Failure of De Moivre's Theorem

Question

I know that De Moivre's Theorem does not necessarily work for non-integer powers.

The classic counter-example is by considering $\left (\cos \theta + i \sin \theta \right )^n=\cos n\theta + i \sin n \theta$ when $n=\frac{1}{2}$ and setting $\theta=0$ versus $\theta=2\pi$, which yield 1 and -1 respectively.

My question is, if this is the case, why is it that we can use the following to solve say $z^5=1$?

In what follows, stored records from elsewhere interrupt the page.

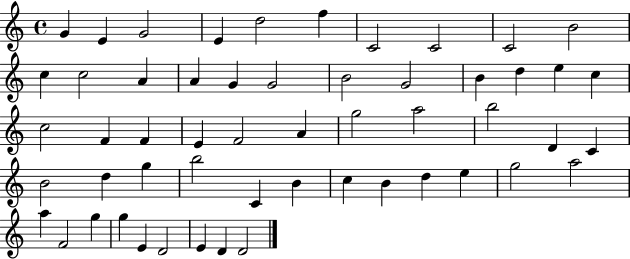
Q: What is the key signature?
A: C major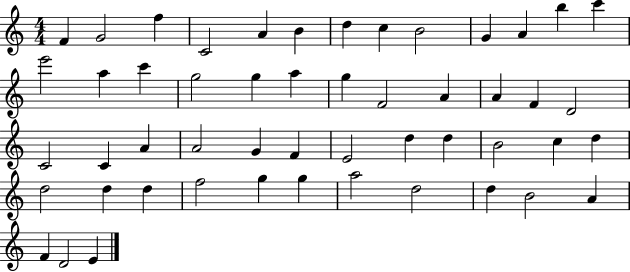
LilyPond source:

{
  \clef treble
  \numericTimeSignature
  \time 4/4
  \key c \major
  f'4 g'2 f''4 | c'2 a'4 b'4 | d''4 c''4 b'2 | g'4 a'4 b''4 c'''4 | \break e'''2 a''4 c'''4 | g''2 g''4 a''4 | g''4 f'2 a'4 | a'4 f'4 d'2 | \break c'2 c'4 a'4 | a'2 g'4 f'4 | e'2 d''4 d''4 | b'2 c''4 d''4 | \break d''2 d''4 d''4 | f''2 g''4 g''4 | a''2 d''2 | d''4 b'2 a'4 | \break f'4 d'2 e'4 | \bar "|."
}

$z^5=\cos (\theta+2k\pi) + i \sin (\theta+2k\pi) $ where $k\in\mathbb{z}$

And then raising both sides to the power of $\frac{1}{5}$ etc?

Answer 1

It does work for $n=\frac{1}{2}$. By putting $\theta =0$ and $n=\frac{1}{2}$ you're working out $1^{1/2} = \pm 1$.

Answer 2

To solve $z^5=1$, take $z=\cos(t)+i\sin(t)$ (since |z|=1).

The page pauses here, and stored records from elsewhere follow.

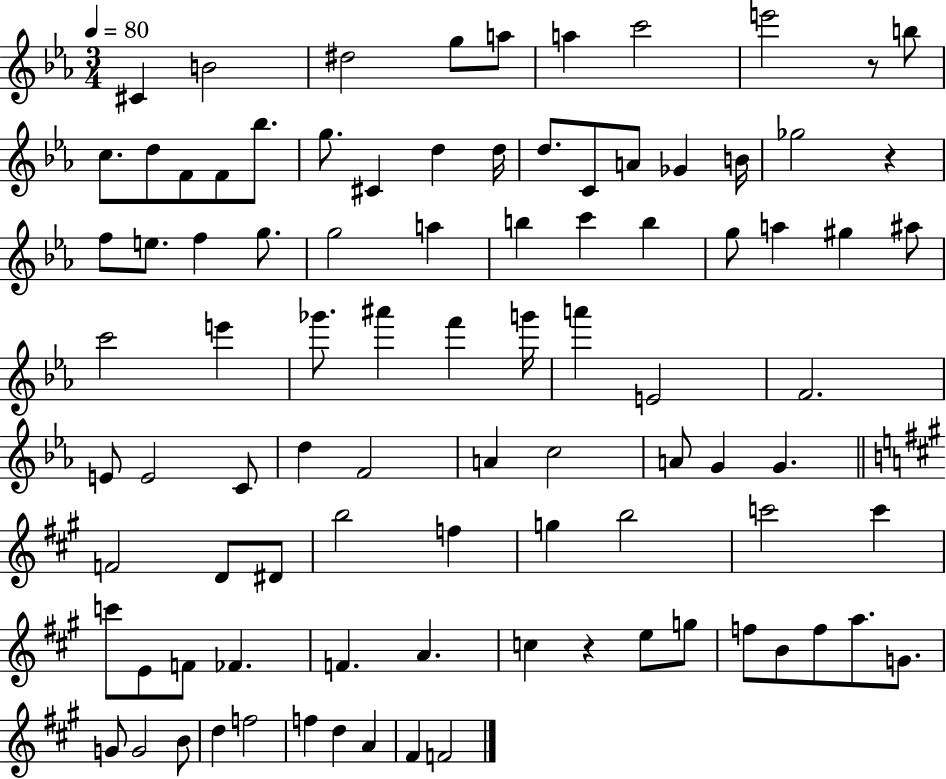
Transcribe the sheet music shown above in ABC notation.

X:1
T:Untitled
M:3/4
L:1/4
K:Eb
^C B2 ^d2 g/2 a/2 a c'2 e'2 z/2 b/2 c/2 d/2 F/2 F/2 _b/2 g/2 ^C d d/4 d/2 C/2 A/2 _G B/4 _g2 z f/2 e/2 f g/2 g2 a b c' b g/2 a ^g ^a/2 c'2 e' _g'/2 ^a' f' g'/4 a' E2 F2 E/2 E2 C/2 d F2 A c2 A/2 G G F2 D/2 ^D/2 b2 f g b2 c'2 c' c'/2 E/2 F/2 _F F A c z e/2 g/2 f/2 B/2 f/2 a/2 G/2 G/2 G2 B/2 d f2 f d A ^F F2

So you have (by de Moivre's theorem for a positive integer power) $$z^5 = \cos(5t) + i \sin(5t) = 1 \\ \Rightarrow \cos(5t) + i \ sin(5t) = \cos(2 \pi k) + i \sin (2 \pi k) $$

On equating real and imaginary parts of this equation, you get two trigonometric equations, $\cos(5t)=\cos(2\pi k)$ and $\sin(5t)=\sin(2 \pi k)$.

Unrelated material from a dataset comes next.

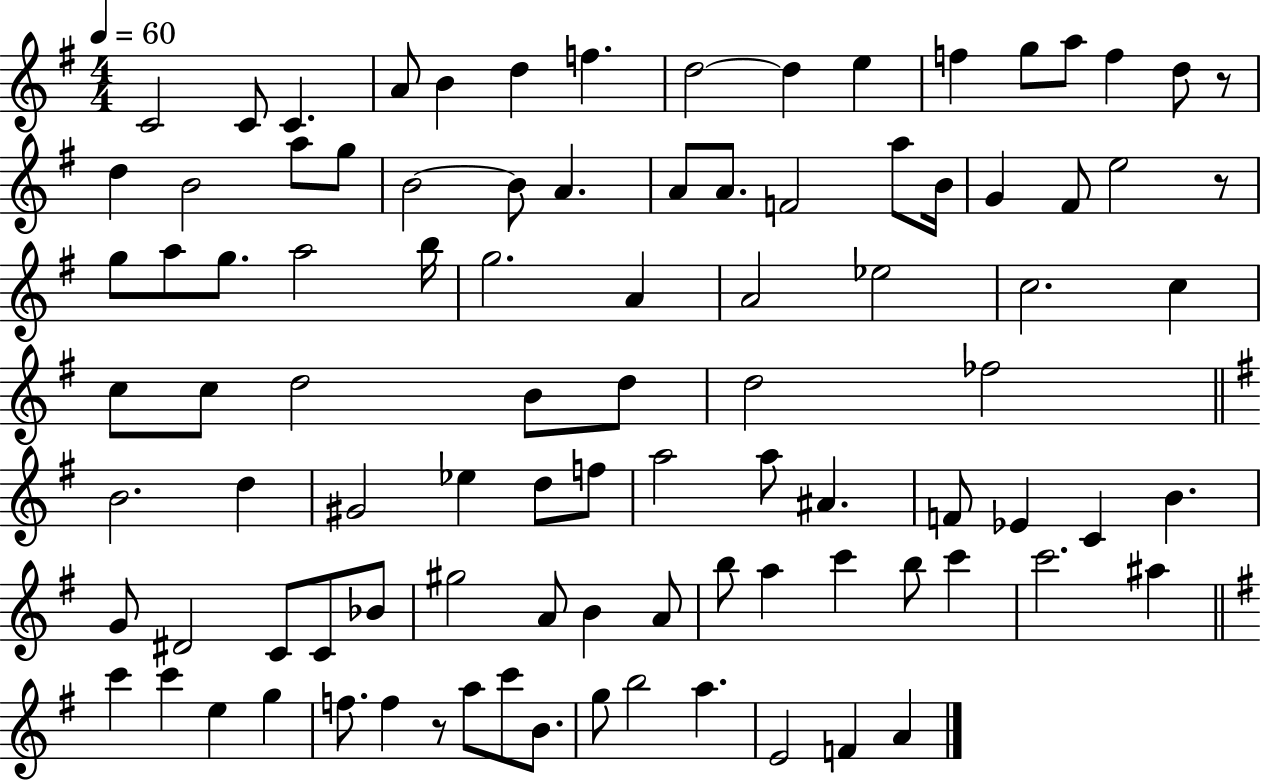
C4/h C4/e C4/q. A4/e B4/q D5/q F5/q. D5/h D5/q E5/q F5/q G5/e A5/e F5/q D5/e R/e D5/q B4/h A5/e G5/e B4/h B4/e A4/q. A4/e A4/e. F4/h A5/e B4/s G4/q F#4/e E5/h R/e G5/e A5/e G5/e. A5/h B5/s G5/h. A4/q A4/h Eb5/h C5/h. C5/q C5/e C5/e D5/h B4/e D5/e D5/h FES5/h B4/h. D5/q G#4/h Eb5/q D5/e F5/e A5/h A5/e A#4/q. F4/e Eb4/q C4/q B4/q. G4/e D#4/h C4/e C4/e Bb4/e G#5/h A4/e B4/q A4/e B5/e A5/q C6/q B5/e C6/q C6/h. A#5/q C6/q C6/q E5/q G5/q F5/e. F5/q R/e A5/e C6/e B4/e. G5/e B5/h A5/q. E4/h F4/q A4/q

The common solution is $5t = 2 \pi k + 2 \pi n$, so $t = \dfrac{2 m \pi}{5}$ is the solution. So there is no need to raise anything to fractional powers anywhere.

To convince yourself that there are only five roots, set m={0,1,2,3,4,5}; when m=5 you get the same root as m=0 and so on.